Certo, la Death Valley è molto bella, ma fa davvero caldo e decidiamo di andarcene dopo una ventina di minuti.
Ma giusto per andare in un posto ancora più caldo (vi diciamo solo 49° gradi), a 800 metri sotto il livello del mare. Consigliato non scendere dalle auto dopo le 13. Ovviamente a noi i cartelli non interessano.
Decidiamo di andare a pranzo.
Dopo pranzo, la nostra meta è finalmente lo Star Wars Canyon.
Nessuno ha forato, siamo in linea con la tabella di marcia, il sole splende, non c’è nemmeno una nuvola, nulla può andar storto. Anche il destino, che ci accompagnava in macchina, era abbastanza tranquillo, assorto con qualche giochino sul suo destinophone.
Forse fin troppo tranquillo.
Arriviamo a Star Wars Canyon (passando per l’Artist Canyon, davvero bellissimo con le sue strade strette e veloci) e ci mettiamo seduti, ascoltando il vento, cercando di cogliere quel tipico rombo da jet.
Niente.
Guardiamo in più posizioni.
Niente.
Di caccia, nemmeno l’ombra.
Che ci sia la festa dell’orsetto alla base militare?
Vuoi vedere che oggi è il giorno di riposo?
E se fossero già passati?
Il destino era sempre lì, in macchina, con l’aria condizionata.
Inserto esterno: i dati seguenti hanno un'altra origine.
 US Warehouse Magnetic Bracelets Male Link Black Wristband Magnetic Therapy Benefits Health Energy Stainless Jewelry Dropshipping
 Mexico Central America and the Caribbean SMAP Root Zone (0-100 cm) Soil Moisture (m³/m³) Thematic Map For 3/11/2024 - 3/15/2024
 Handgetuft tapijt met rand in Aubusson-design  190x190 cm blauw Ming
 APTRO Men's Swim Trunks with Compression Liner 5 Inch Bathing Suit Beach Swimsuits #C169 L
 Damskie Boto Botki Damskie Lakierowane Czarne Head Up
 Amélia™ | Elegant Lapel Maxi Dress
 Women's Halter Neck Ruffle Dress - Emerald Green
E sghignazzava.
“Oggi i caccia non volano”.
Dopo un’ora e mezza in attesa, ormai si erano fatte le 17. Non sarebbe più passati, anche per questioni di orari.
Un po’ sconfitti (e guardando male il destino), decidiamo di recarci a Bishop, dove passeremo la notte.
Però ci gonfiamo anche il petto e diciamo: “Fa niente se non abbiamo visto i caccia, oggi ci siamo proprio divertiti!”
Domani è un altro giorno, domani si va a caccia… di città fantasma!